Non, je n’ai pas de problèmes par rapport à cela. Comme je vous l’ai dit, moi je suis socialiste. Et si les socialistes choisissent un candidat je le soutiendrai. S’ils disent que c’est Macky Sall, je vais battre campagne pour lui et je lui composerai une très belle chanson. Seulement, il ne sera pas notre candidat. Du moins, en ce moment précis, il n’est pas notre candidat. Comprenez que quand je dis que je vais battre campagne pour lui, c’est dans la logique de ce que supposent beaucoup de gens. Ces derniers pensent que Macky Sall va être le candidat du Ps et moi je suppose que je devrais le soutenir dans ce cas.

Vous êtes comptables de la gestion de Macky Sall si vous avez un candidat différent de lui, quels seront vos arguments de campagne ?

On a gagné ensemble et on a continué à travailler ensemble. C’est comme un contrat qui nous lie. Maintenant, à la fin du contrat chacun doit prendre ses responsabilités. Des arguments de campagne, ce n’est pas ce qui va nous manquer. On a tellement de choses à dire. Mais on ne les dira en aucun cas maintenant. Pour moi, on ne peut rien reprocher à Macky Sall. Même si je suis d’accord que la vie est difficile actuellement.

Mais il a des idées. C’est possible qu’il n’y ait pas d’élections en 2017. Je crois qu’on doit lui donner le temps de terminer ce qu’il a entamé. Après seulement, on pourra juger. C’est Dieu qui donne le pouvoir. En 2012, beaucoup de gens ne pensaient pas que Macky Sall gagnerait la présidentielle. C’est lui que Dieu a choisi. Il est mon Président et il est un homme simple, humble, accessible et cool. Cependant, je ne fais pas partie de son parti politique. Je suis socialiste et je ne l’échangerai contre rien du tout.

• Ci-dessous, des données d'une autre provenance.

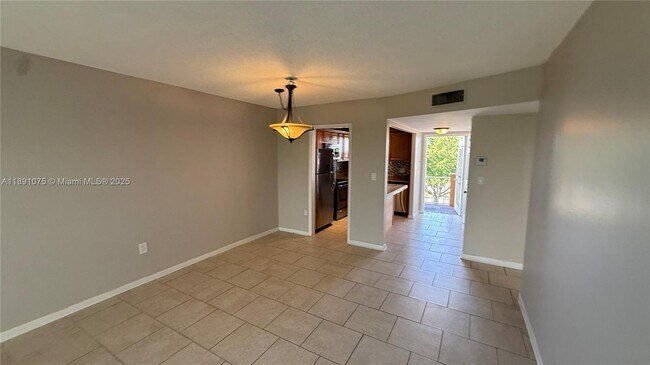 Building Photo - 8500 Sunrise Lakes Blvd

On doit respecter notre Président tout de même parce que c’est nous qui l’avons élu aussi.

Les artistes pourront bientôt, sur promesse du Président Sall, bénéficier de plus de redevances grâce à la Sodav. Qu’en pensez-vous ?

On rendra grâce à Dieu si la demande d’agrément de la Sodav trouvait une suite favorable. Beaucoup d’acteurs culturels avertis ont travaillé sur ce projet de nouvelle société de gestion. Ils ont fait ce qu’ils avaient à faire. Maintenant, comme le Président a reçu des acteurs culturels et a promis de le faire, on prie pour que cela se fasse. Parce qu’on en a besoin.

Comment vivez-vous l’incarcération de Thione Seck ?

(Gaie jusque-là, elle baisse la tête et marque une pause). Il y a des choses qui relèvent de la volonté divine. Nul ne peut échapper à son destin. Moi, je vais au Cap-Manuel le voir sans publicité. Je ne veux même pas en parler. Je me dis qu’il est en train de traverser  une épreuve qui ne sera qu’un souvenir plus tard. Je pense à lui et à sa famille et ils savent qu’ils ont mon soutien. Quand on est avec Thione, il est à l’aise. Avec lui, c’est le visiteur qui stresse pour lui mais Thione rassure et discute même avec ses visiteurs. C’est la foi qui lui permet d’être comme ça. Cette incarcération, je la vis comme la vivent la majorité des  Sénégalais.  Je continue de le soutenir et de prier pour lui.